Drinking can be a very serious matter, even if you have your parents permission. You may have had your parents permission to drink, which is legal as long as your parents are present while you are drinking. If your parents are not there with you at the place in which you are drinking then you are in fact breaking a law. Now don't get too worried, you probably were not aware of this type of law, but it does exist mostly for safety and for the ability for parents to still have priority over their children when they feel they should be able to partake of alcoholic drinks.

I'm also glad to hear that you cut yourself off after a few drinks, but remember even after a few drinks your brain becomes somewhat impaired. It is different with each person depending on their height and weight. I would not advise to drink more than 1 or 2 drinks that is if you are in the presence of your parents, have their permission in their presence, or if you are over the legal age to drink.

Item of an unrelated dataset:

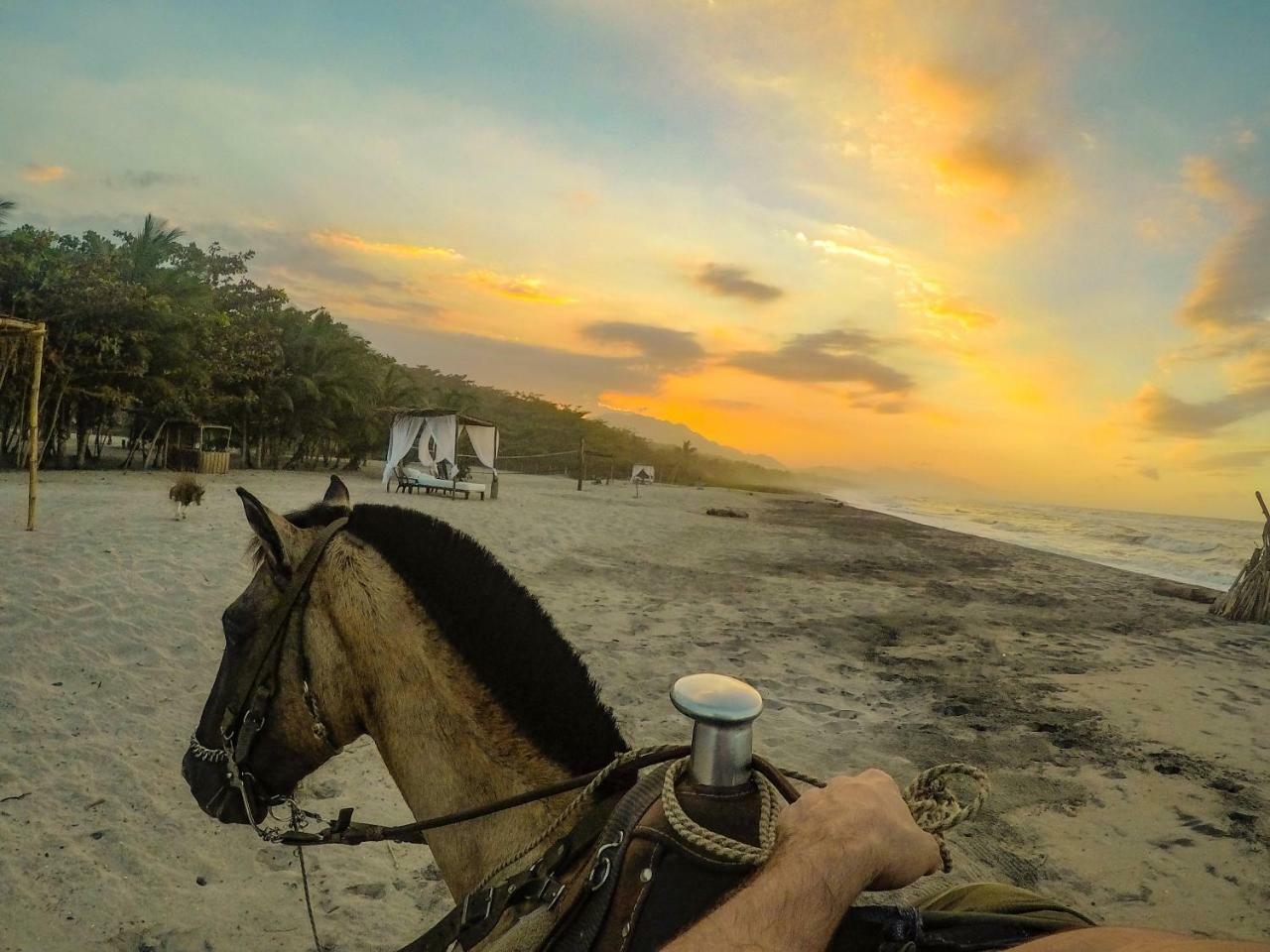 Hotel Tay Tayrona 3*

As for your friends if they are at the point of getting very sick and drunk, which is a sin, I would advise you to get them away from that alcohol as soon as possible, they should not be left around it because it is far too much of a temptation. This is why it is important for someone to stay sober so that if you have to leave and take someone away from a party you can do so safely.

My best advice is to stay sober until you are legal to drink or if you are in your parents' presence and you have their permission to drink. Drinking can turn into a very serious problem and can lead to many problems. Alcohol is really not something to play around with lightly. By setting an example not to drink unless you fit the necessary requirements that make it okay for you to drink your friends may follow suit. Try and be an example for them why drinking is such a serious matter.

Please remember that drinking is not a sin but getting drunk is, also remember that breaking a law is also a sin, unless it is a law that goes against the teaching of the Church and God's Commandments.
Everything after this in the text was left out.